The article clearly enraged Graham.
"You tell your buddies not to call me either," the voicemail continued. "It's on. If you think for one minute you're going to pull this crap and you're going to walk away from it, you're nuts."
She also went after Walters online, insulting him in post after post.
"At least 15 different Facebook posts over several days, attacking me and making all sorts of accusations... false accusations.... against me and my reporting," Walters said. "I haven't had that happen [before]."
He reached out to Graham repeatedly, asking for her to name a specific complaint she had about the story. She didn't offer one.
KREM reached out as well. Graham still did not name any specific problem with the article and said she is not giving interviews to Spokane press. She also did not offer comment on a Washington Post article on her attacks.The only member of the media the Spokane lawmaker has spoken to since the voicemail was made public appears to be a TV reporter in Seattle.
Her posts on Facebook seem to accuse Walters of minimizing the issue of human trafficking. In early August, Walters wrote an extensive report on that topic, in which professional anti-trafficking advocates said conspiracy-rooted panic has in fact made their jobs more difficult.

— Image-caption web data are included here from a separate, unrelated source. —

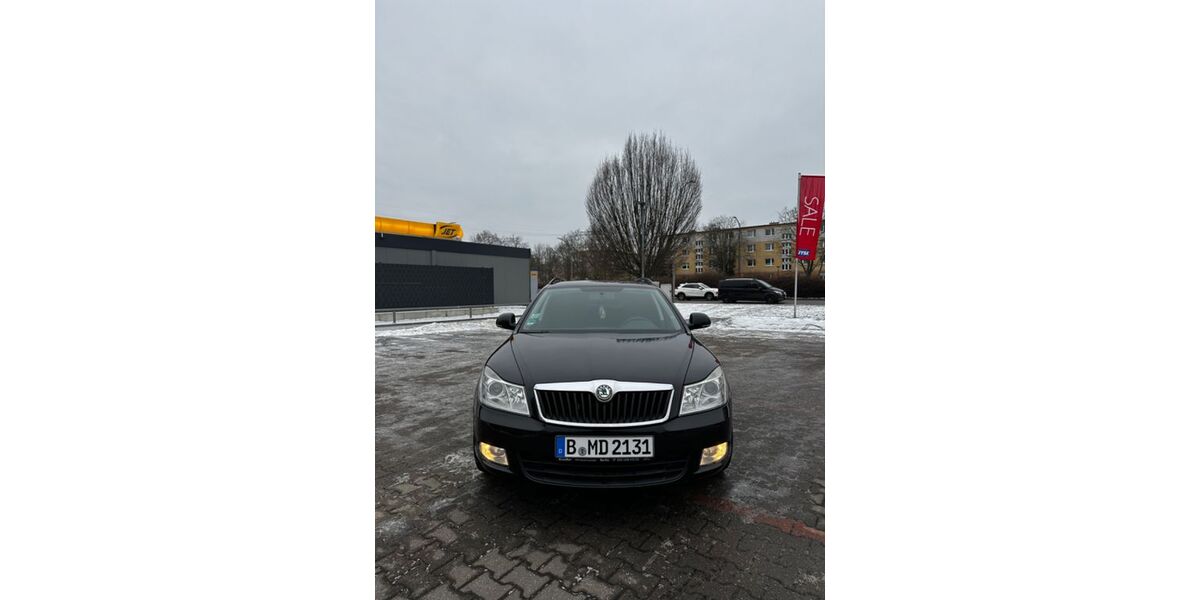 Skoda Octavia 176.000 km 4.000 &euro; Berlin 10437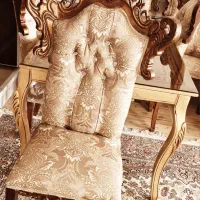 فروش میز ناهار خوری سلطنتی|میز و صندلی غذاخوری|نیریز, |دیوار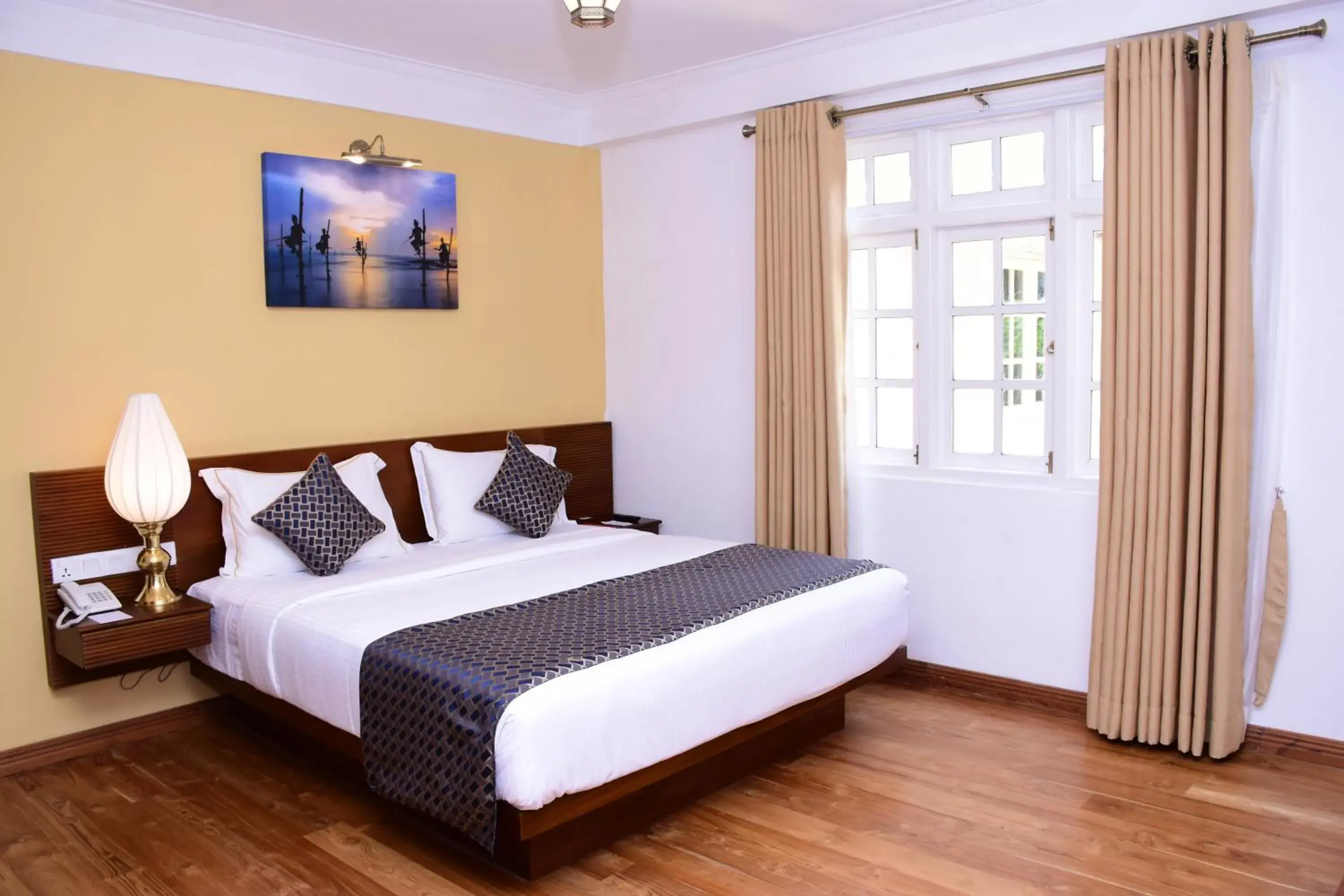 Deluxe Double Room - single occupancy in Mirage Kings Cottage Deluxe Double Room - single occupancy in Mirage Kings Cottage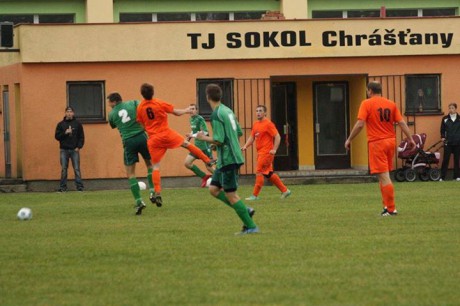 Fotbal: Chrášťany - Strýčice 1:0 003
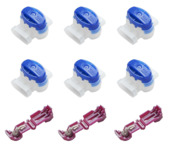 Gardena Robotmaaier verbindingsstukken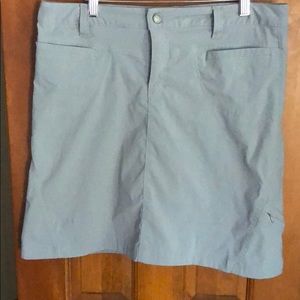 Athleta Skort 12T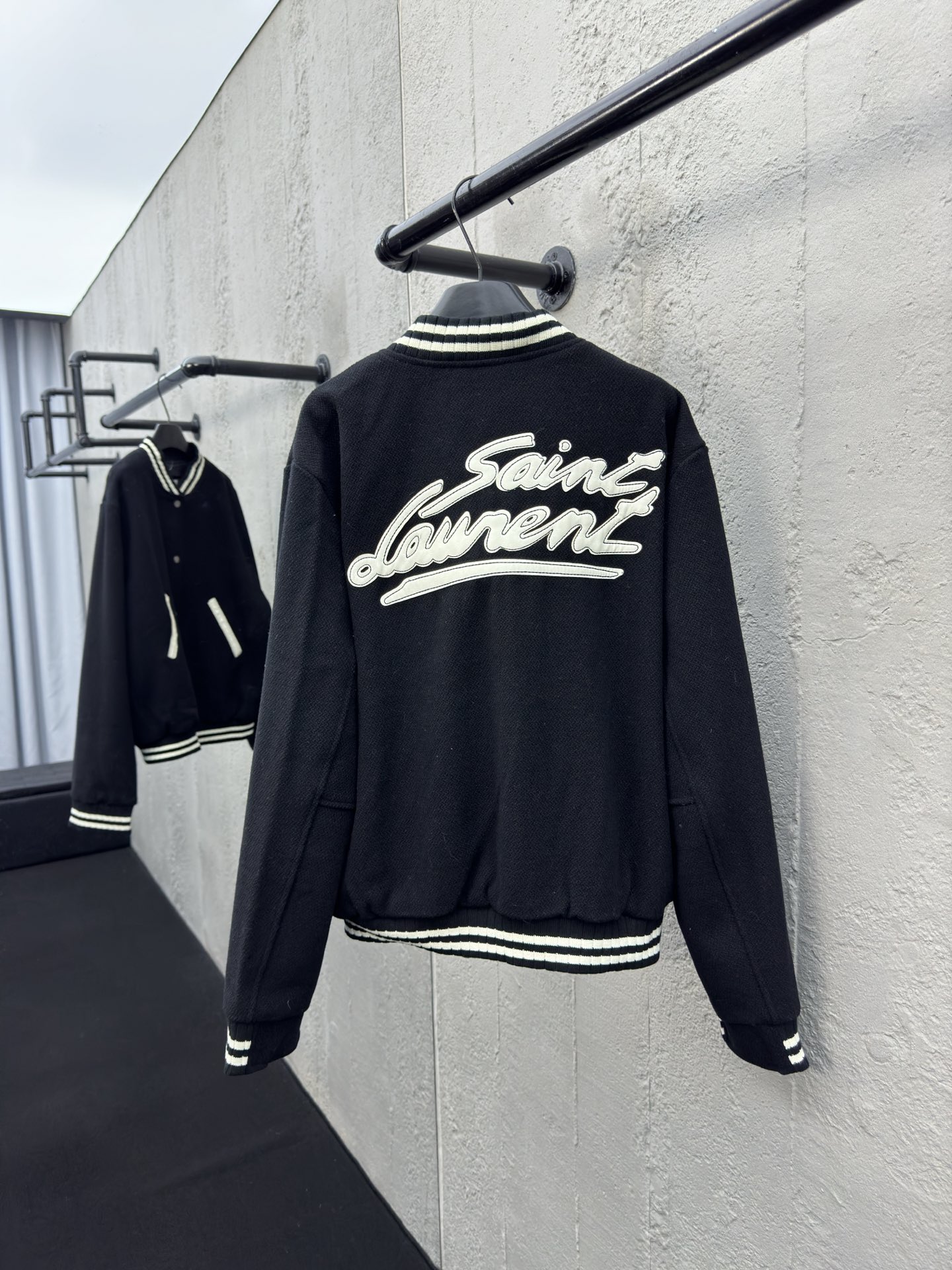 Saint Laurent Haute Couture Haute Couture Ready-to-Wear Clothing Dress 2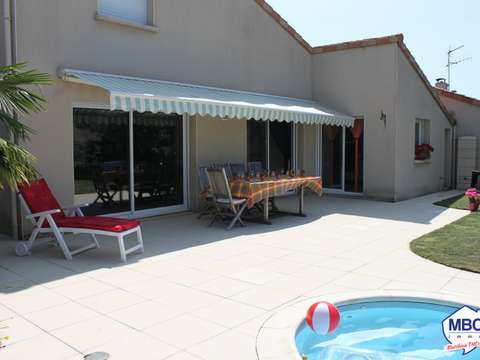 Vente maison 6 pièces La Séguinière 49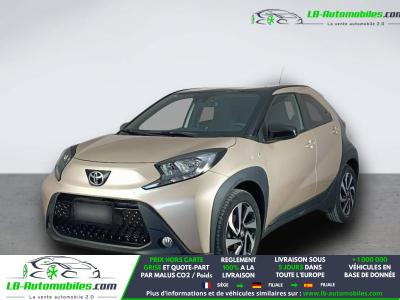 Toyota Aygo X 1.0 VVT-i 72 BVA
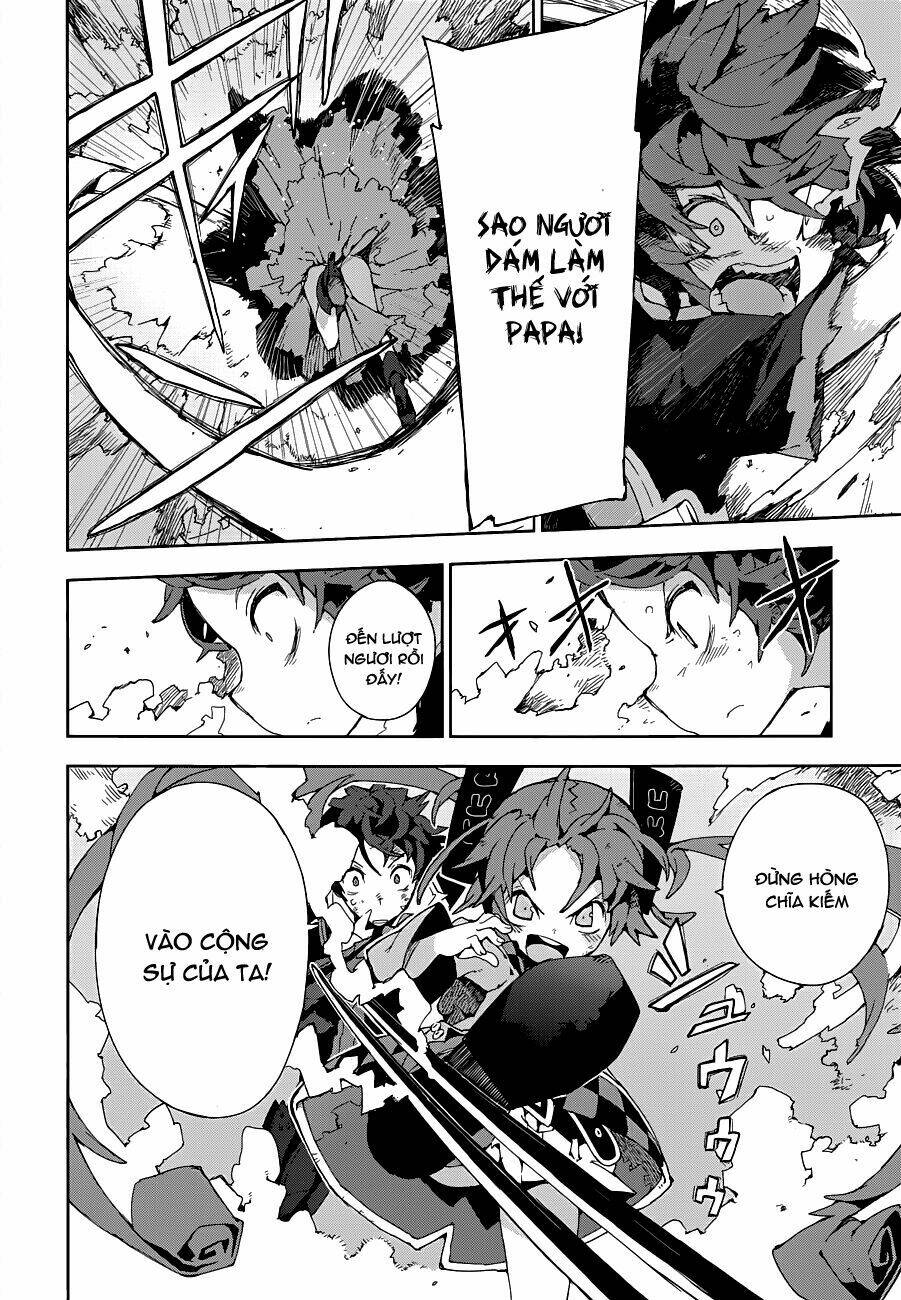black bullet chapter 14 10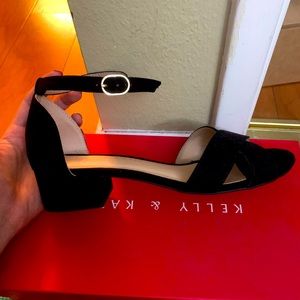 Kelly & katie low heels // flats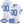 North Carolina Tar Heels 2025 Vapor Limited Custom Jersey - All Stitched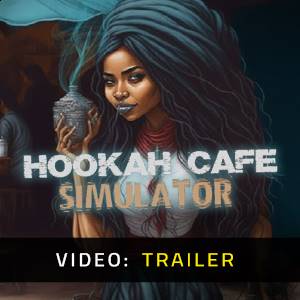 Hookah Cafe Simulator - Video Trailer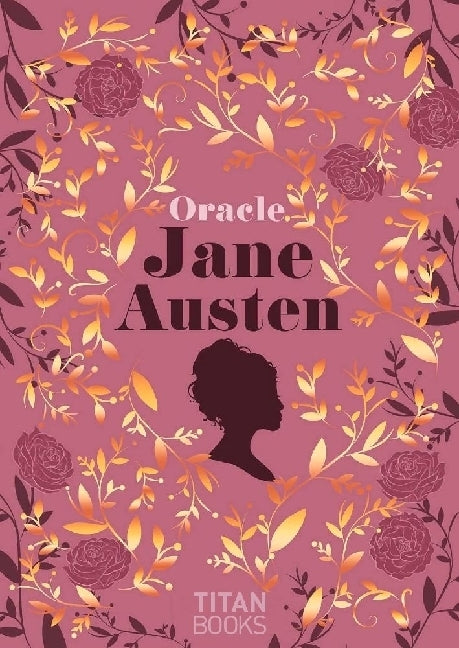 Jane Austen Oracle (Lulumineuse)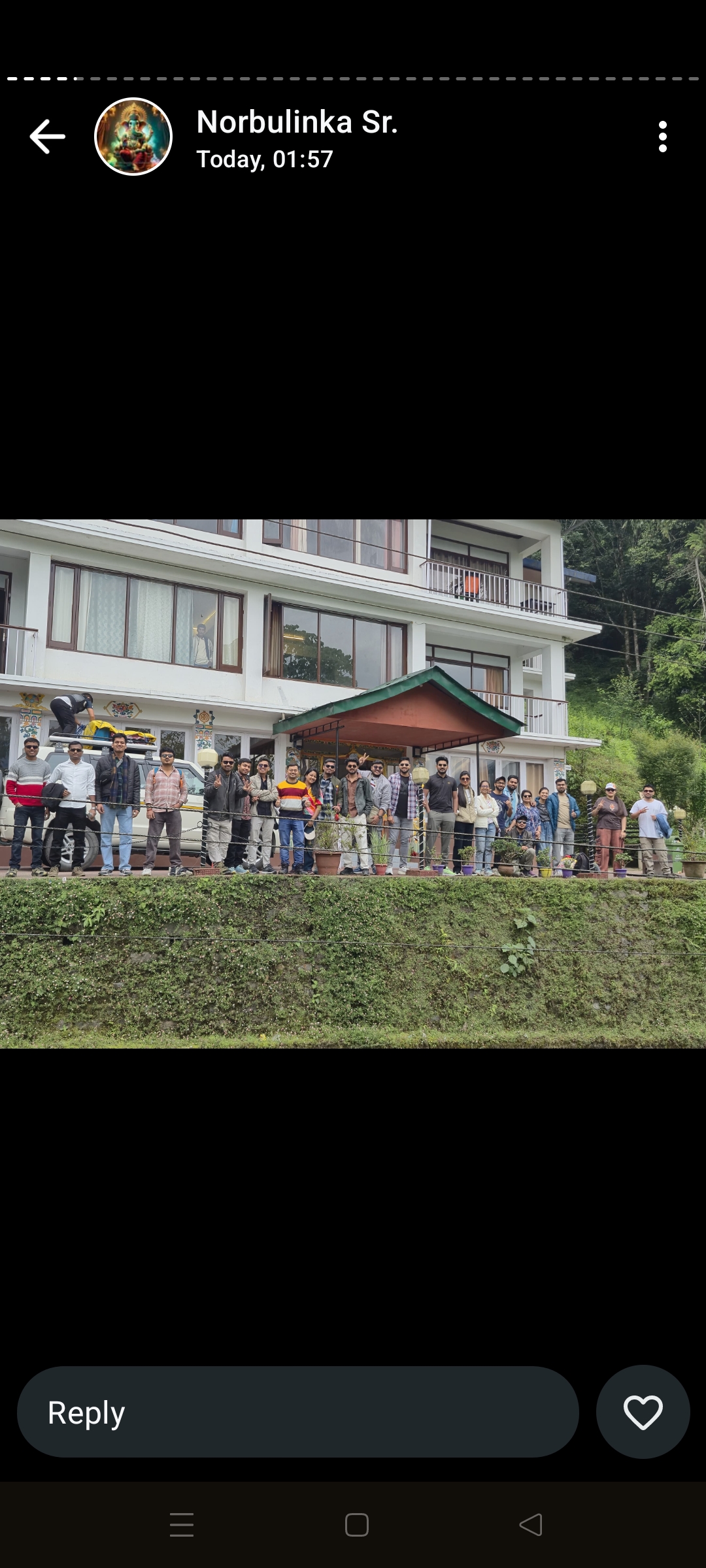 Sikkim 4N/5D.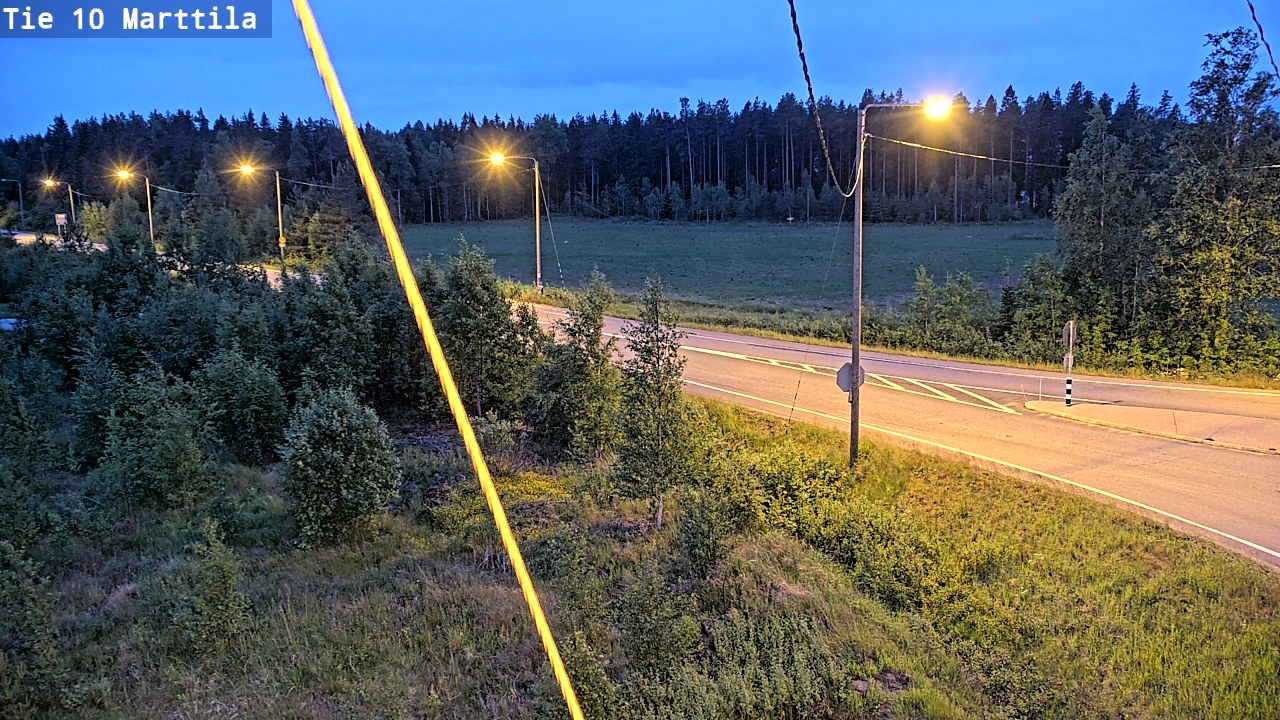 Kelikamerat Kuva Tie 10 Marttila, Marttila, Varsinais-Suomi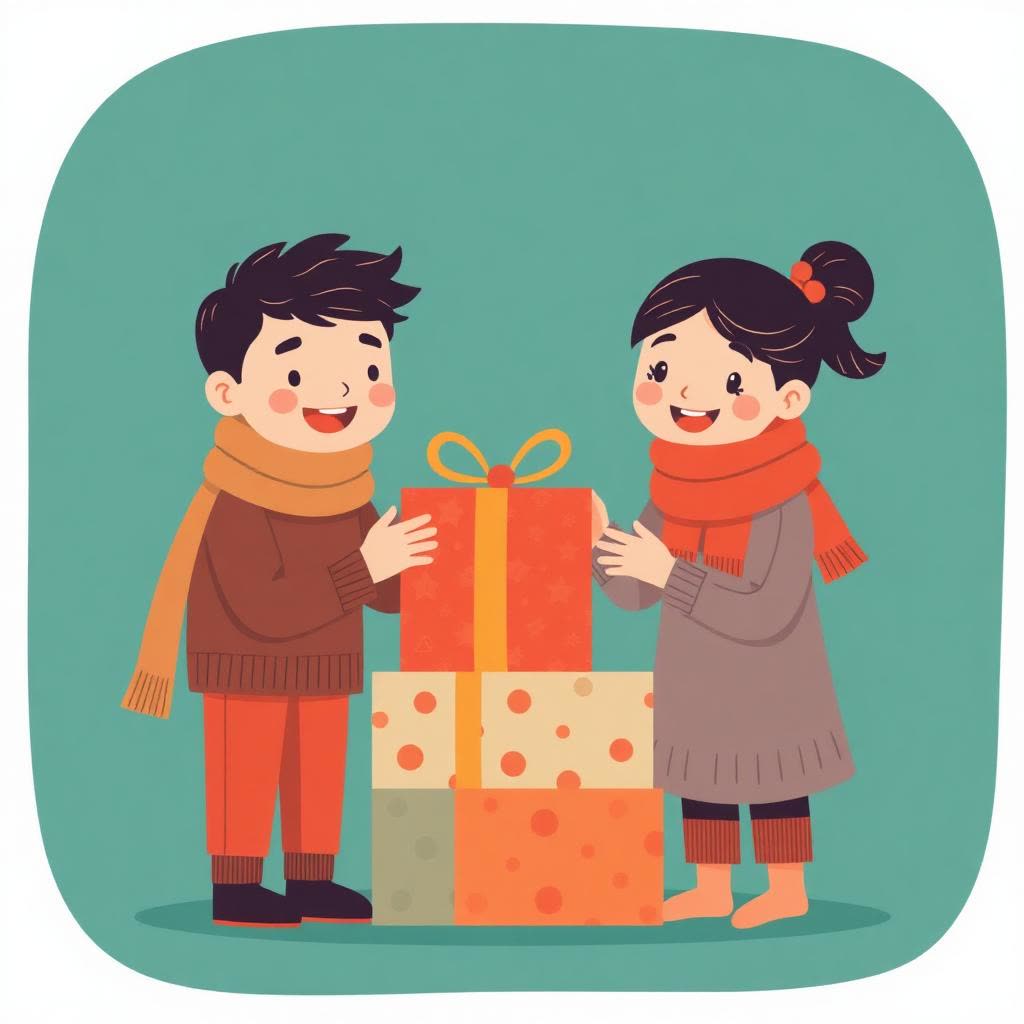 Gift Experience Packaging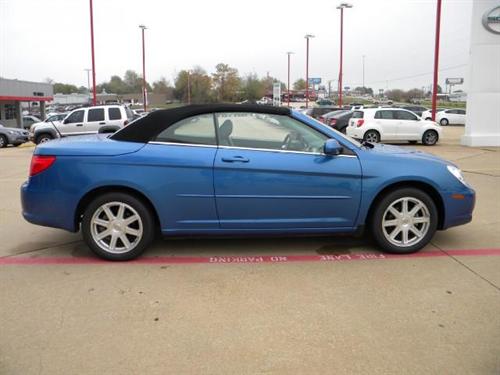 2008 Chrysler Sebring 3.5
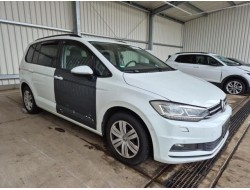 2019 Volkswagen Touran
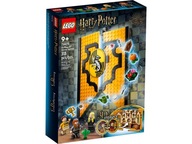 LEGO 76412 Vlajka Bifľomora Harryho Pottera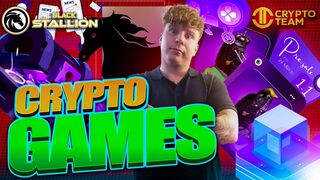 Crypto Games ???? Which crypto has the highest potential?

"It's unfair to suggest that I am dismissive of... what she went through with her sister, because I've written about that before," Walters said. "And it's unfair to suggest that I'm dismissive of the issue of human trafficking because part of the reason why I write these sorts of things is to make sure that people understand the bulk of the reality of human trafficking, as opposed to just seizing upon the most horrifying anecdotes."
Walters says the reaction to his story is also indicative of a general decline in trust for traditional media, and that to combat that, journalists will need to start more aggressively and transparently defending their reporting.
"We're going to have to, more and more, show our receipts and show our work," he said. "Respond saying, 'OK: Here's what we wrote. Here's why we wrote it. Here's the evidence.'"
The Inlander published the full 78-minute long interview between Walters and Graham.